Finanzkrise:Legt die Banken an die Kette

Was sollte die Welt aus der Finanzkrise lernen? Ein Konsens deutet sich an.

Von Thomas Fricke, Mitarbeit: Sofia Velasco, Berlin

Acht Jahre ist es in diesem Juli her, dass das große Beben erst die Finanzwelt und später auch den Rest der Weltwirtschaft zu erschüttern begann. Es folgten Rezessionen und Notprogramme, Banken wurden verstaatlicht und Zinsen immer weiter gesenkt.
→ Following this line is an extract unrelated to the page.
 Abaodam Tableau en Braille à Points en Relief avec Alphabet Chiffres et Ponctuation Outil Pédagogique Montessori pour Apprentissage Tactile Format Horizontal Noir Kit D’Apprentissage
Noch heute sind die Folgen spürbar - ob über Nullzinsen, immer neue Notinterventionen von Notenbanken, gefährliche Aktienhöhenflüge oder Schuldenschocks. Müssten die Notenbanker Geld wieder verteuern, die Zinsen nur kräftig anheben? Oder macht das alles nur noch schlimmer? Die Antworten der Experten scheinen acht Jahre nach Ausbruch der Krise allmählich erst Konturen anzunehmen. Das zeigt die große Umfrage unter deutschsprachigen Ökonomen, die das Internetportal WirtschaftsWunder in Kooperation mit dem Verein für Socialpolitik für die Süddeutsche Zeitung ausgewertet hat.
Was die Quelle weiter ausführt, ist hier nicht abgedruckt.